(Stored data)
◆ ◆ ◆ ◆ ◆

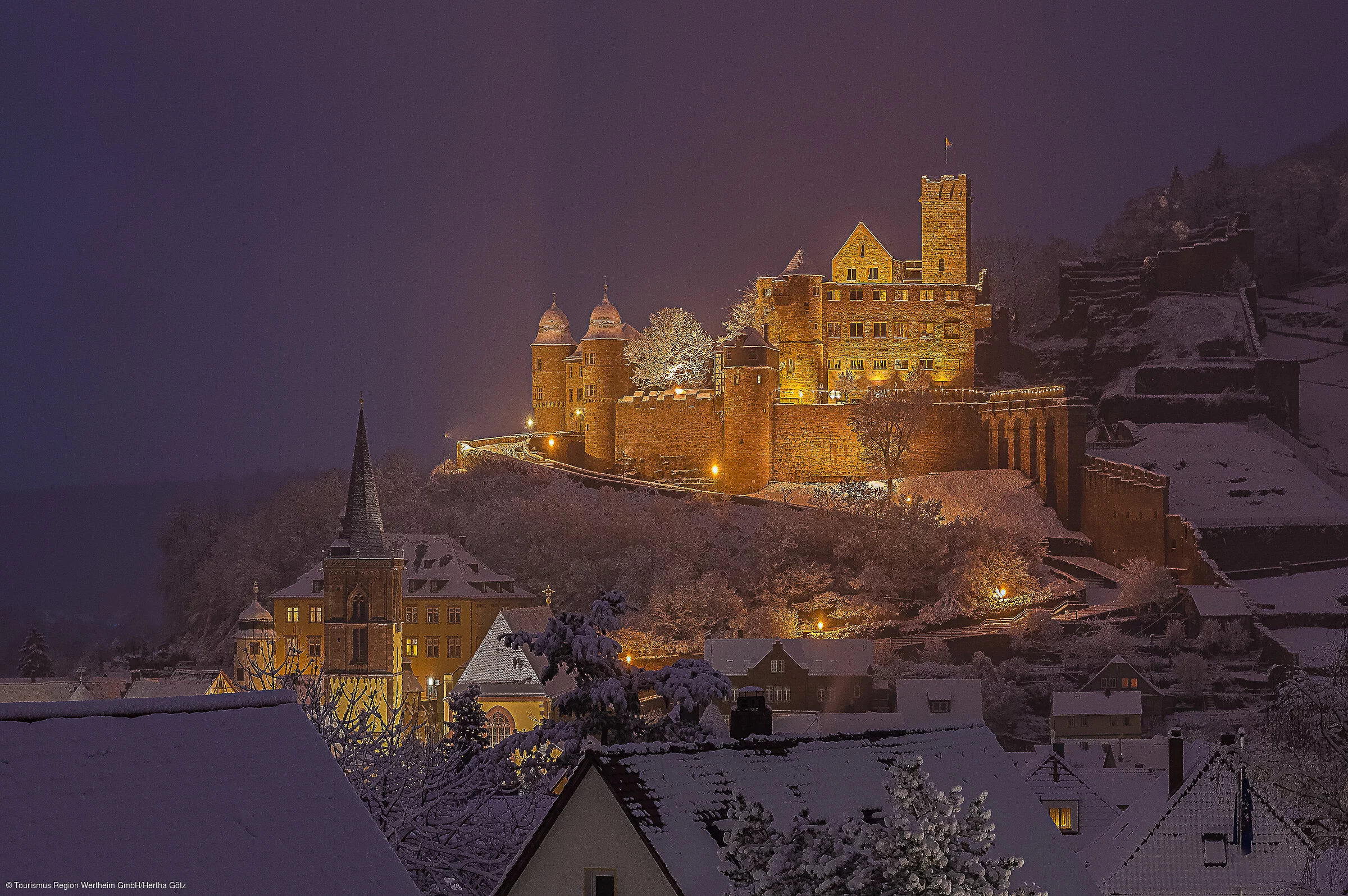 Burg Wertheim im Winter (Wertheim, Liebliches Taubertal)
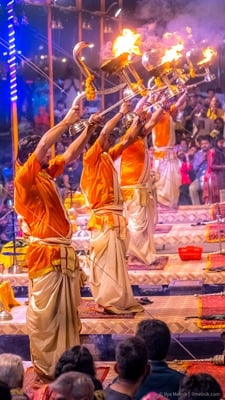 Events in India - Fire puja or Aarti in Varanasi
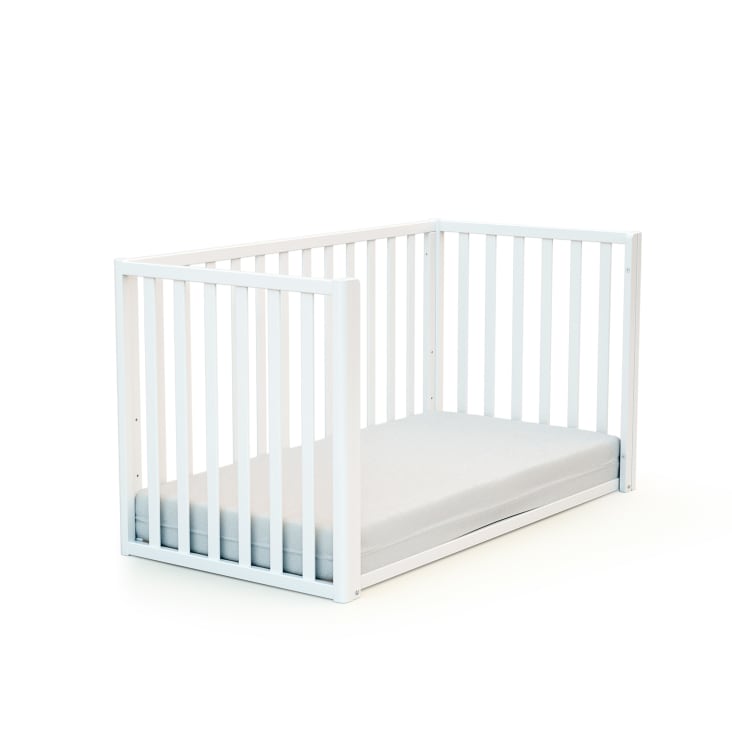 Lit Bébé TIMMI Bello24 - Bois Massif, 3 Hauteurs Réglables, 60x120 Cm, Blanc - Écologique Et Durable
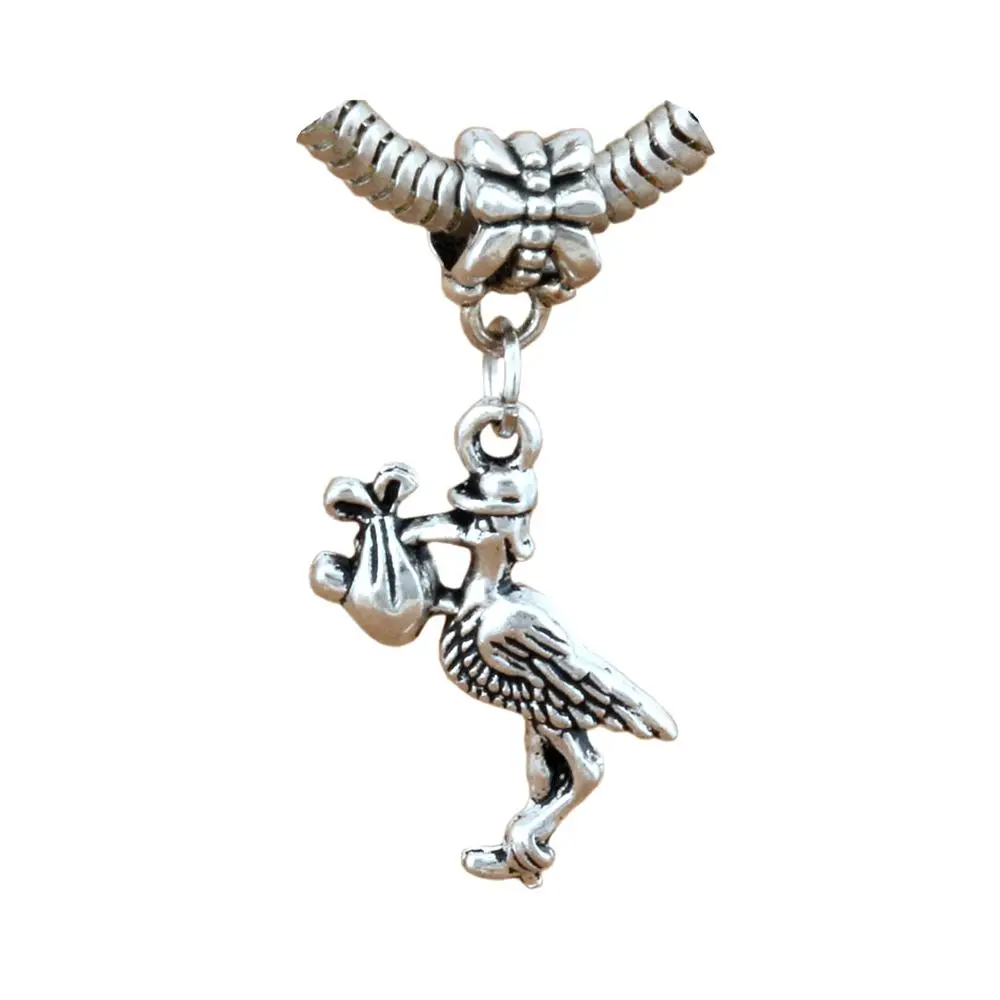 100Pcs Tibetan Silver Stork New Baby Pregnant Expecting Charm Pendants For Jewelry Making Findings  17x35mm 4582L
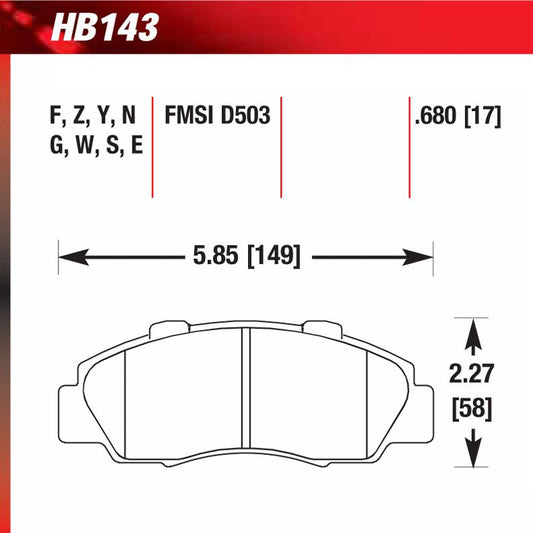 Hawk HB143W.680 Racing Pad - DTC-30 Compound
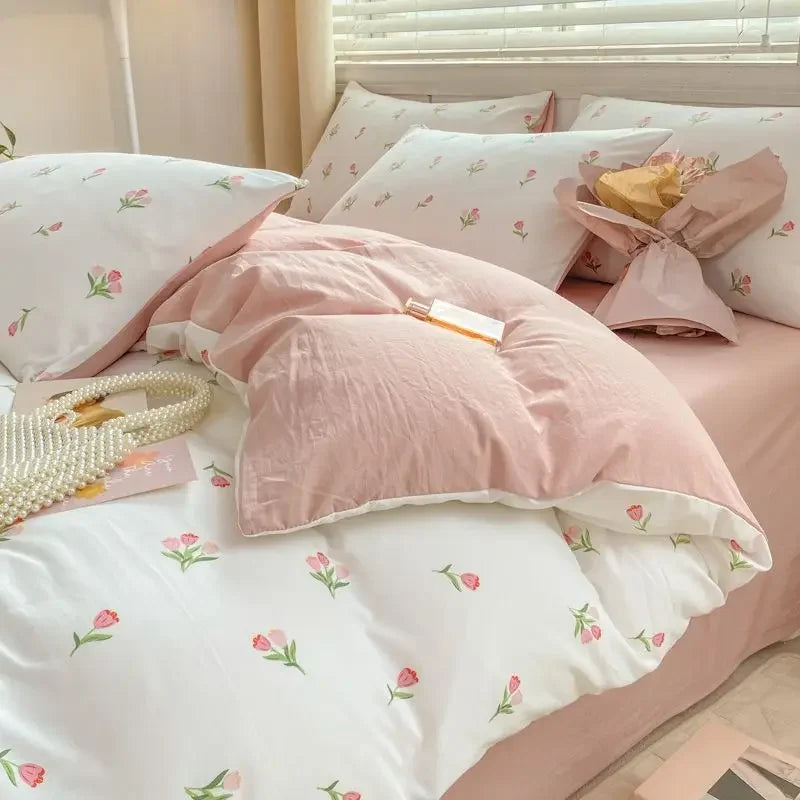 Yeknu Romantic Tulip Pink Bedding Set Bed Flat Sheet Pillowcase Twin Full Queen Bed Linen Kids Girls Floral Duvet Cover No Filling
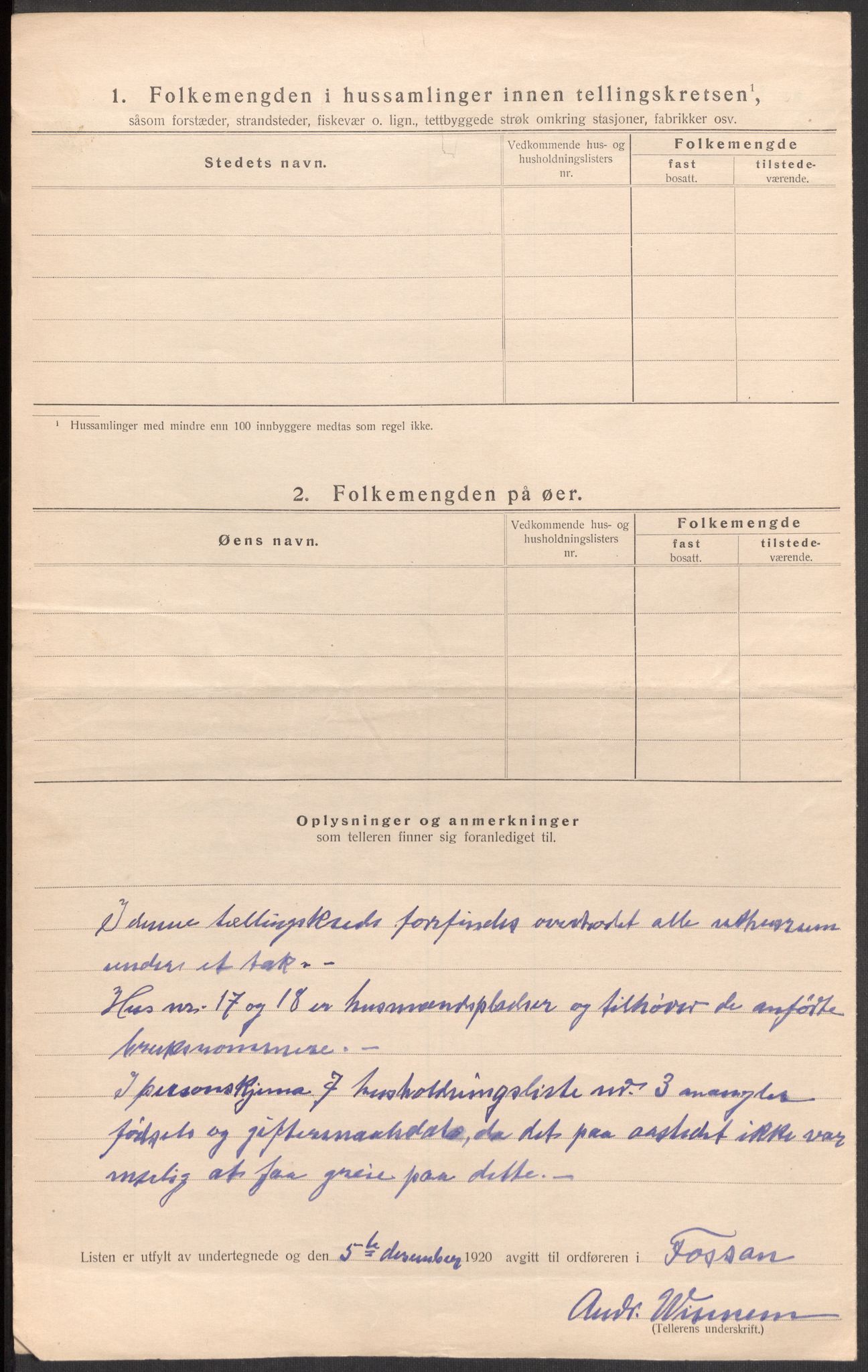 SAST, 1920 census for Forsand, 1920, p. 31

◆ ◆ ◆ ◆ ◆

WORK TO BE COMPLETED: Give all entries again verbatim, without any images.

EXPECTED OUTPUT:
 Burg Wertheim im Winter (Wertheim, Liebliches Taubertal)
 Events in India - Fire puja or Aarti in Varanasi
 Lit Bébé TIMMI Bello24 - Bois Massif, 3 Hauteurs Réglables, 60x120 Cm, Blanc - Écologique Et Durable
 100Pcs Tibetan Silver Stork New Baby Pregnant Expecting Charm Pendants For Jewelry Making Findings  17x35mm 4582L
 Hawk HB143W.680 Racing Pad - DTC-30 Compound
 Yeknu Romantic Tulip Pink Bedding Set Bed Flat Sheet Pillowcase Twin Full Queen Bed Linen Kids Girls Floral Duvet Cover No Filling
 SAST, 1920 census for Forsand, 1920, p. 31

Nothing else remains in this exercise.